A senior official at the China Iron and Steel Industry Association (CISA) said he is confident about the effectiveness of the government’s campaign to cut overcapacity in the steel sector, Global Times reported.
Wang Liqun, vice chairman at the CISA, said at an industry expo that the central government was giving unprecedented attention to the issue of overcapacity and there will be results, according to financial news portal cnstock.com.
China aims to cut 100 million to 150 million tons of crude steel capacity in the next five years starting from 2016, the State Council, China’s cabinet, said in February.
The nation’s crude steel output reached 803.8 million tons in 2015 or 50.3 percent of global production, data released by the World Steel Association in January showed.

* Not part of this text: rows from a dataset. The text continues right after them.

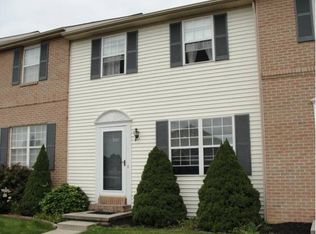 257 Greenland Dr, Lancaster, PA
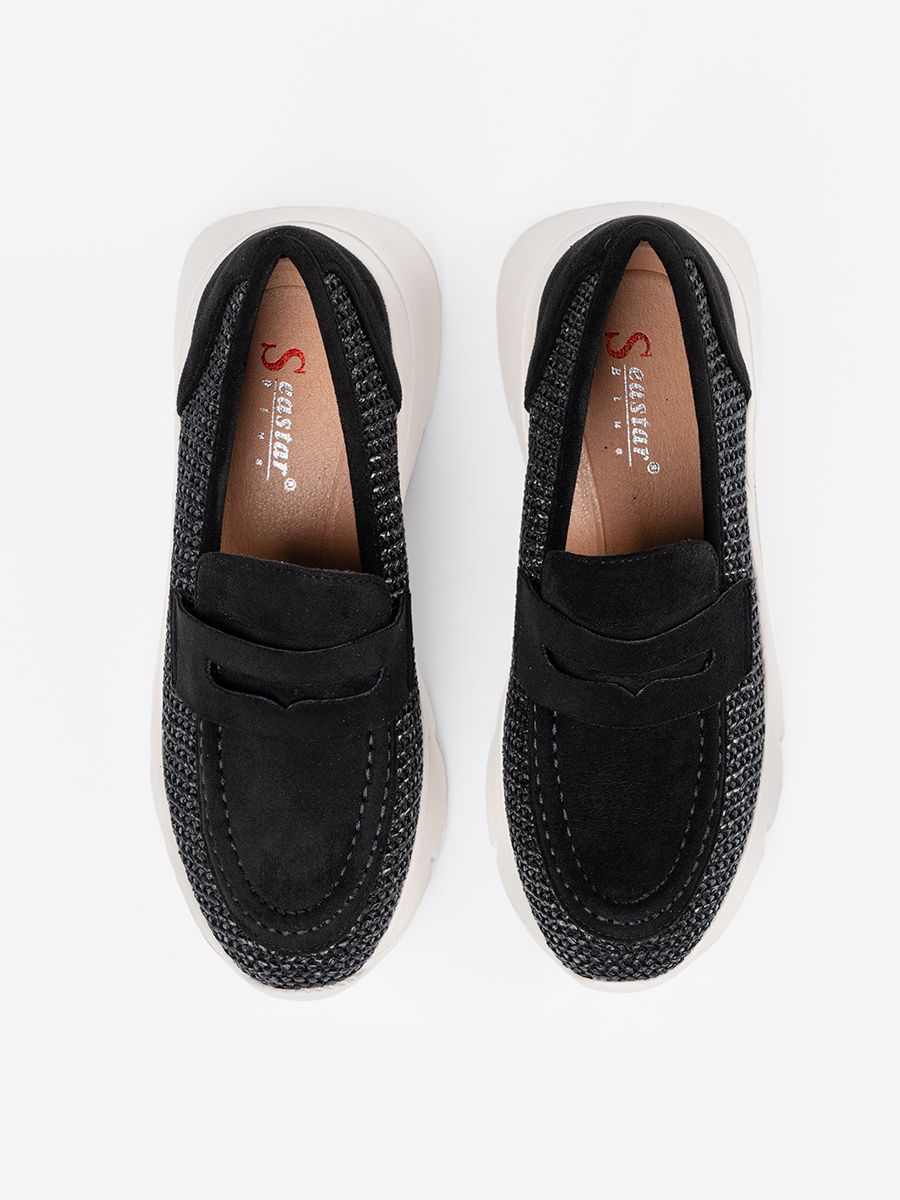Schwarze Halbschuhe mit dicker Sohle
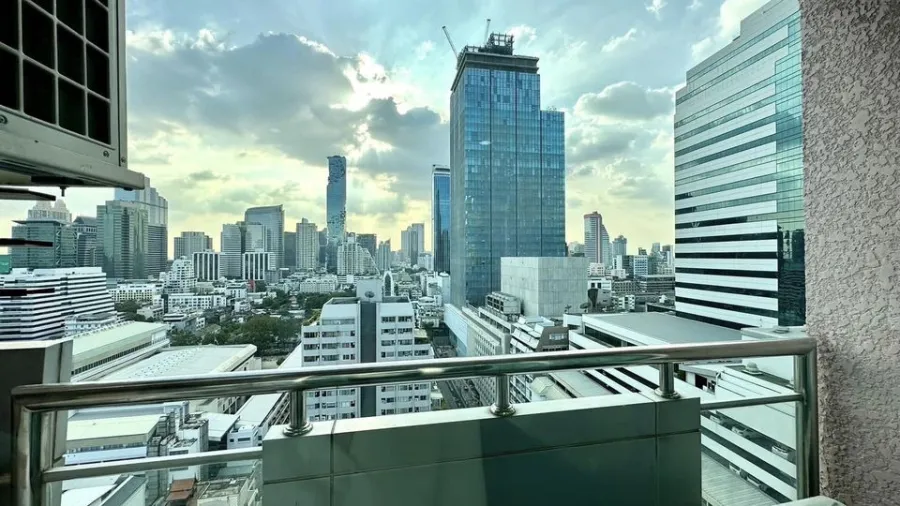 For rent, Silom Grand Terrace, 19th floor, city view, decorated in modern, minimal style, beautiful like this, do not miss a reservation.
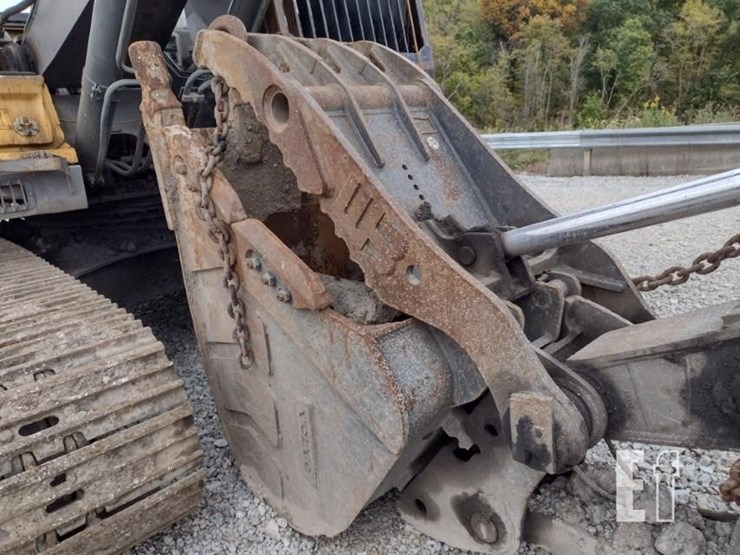 2015-volvo-ec220e-lr-image-22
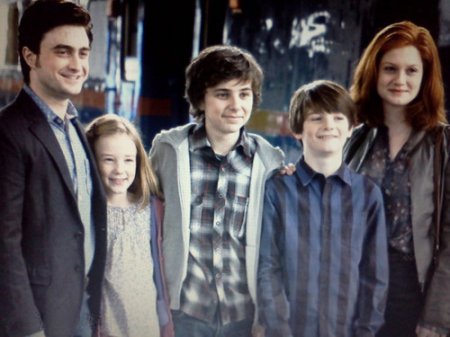 Harry e Gina com os filhos, Lilían Luna, Tiago Sirius e Alvo Severo, na Plataforma 9 e 3/4. Crédito: Warner/Divulgação/ Harry e Gina com os filhos, Lilían Luna, Tiago Sirius e Alvo Severo, na Plataforma 9 e 3/4. Crédito: Warner/Divulgação/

Liu Xinwei, a steel industry analyst with Shandong Province-based consultancy Sublime China Information, told the Global Times a lot depended on the implementaion of the programme regardless of the government’s pledges.

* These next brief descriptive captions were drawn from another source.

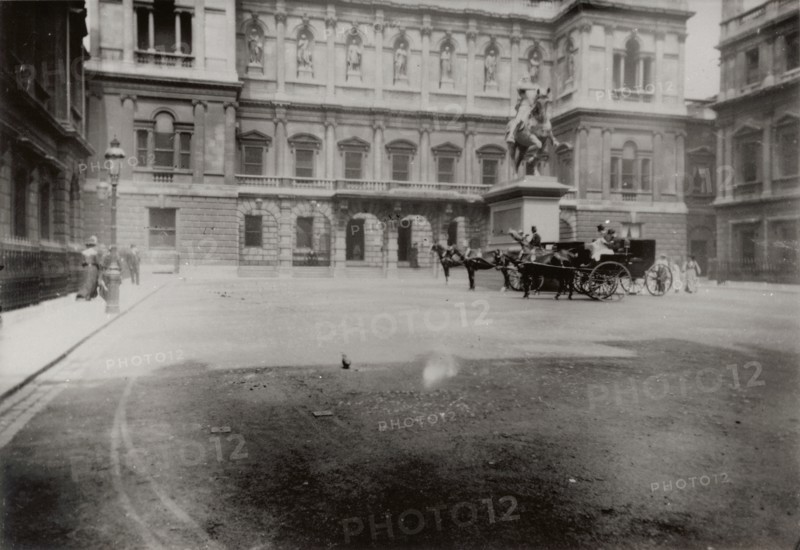 Burlington House Courtyard, c1902. Creator: Unknown.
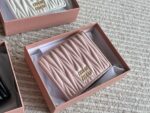 Miu Miu Classic Compact Wallet Full Leather Interior And Exterior, Top-Grain Cowhide Complete With Box - Image 3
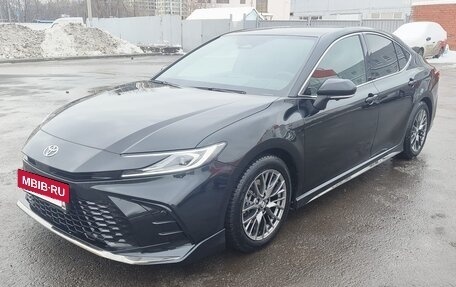 Toyota Camry, 2025 год, 3 600 000 рублей, 4 фотография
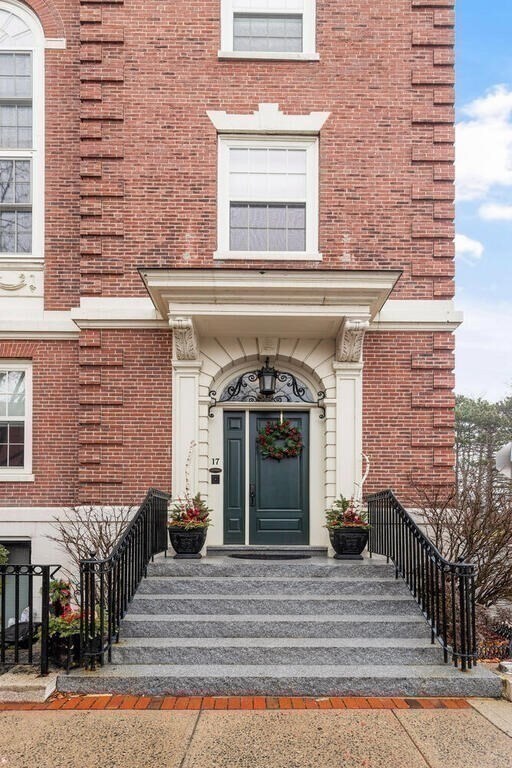 17 Central St unit 4, Salem, MA 01970 - photo 2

“It depends on to what extent the plan of cutting overcapacity is carried out at the local levels,” Liu said.
Some progress has already been made. For example, in North China’s Hebei Province, a major steel producing region, 41.06 million tons of steelmaking capacity was eliminated from 2011 to 2015, Chinese media has reported.
Regarding the complaints in some countries regarding increased imports of Chinese steel, Wang said more than 80 percent of China’s steel output is intended for the domestic market and is not appropriate to lay all the blame on China for the global steel glut, the newspaper said.
The nation’s steel output is now widely believed to have peaked, with 2015 output down 2.3 percent from that of 2014.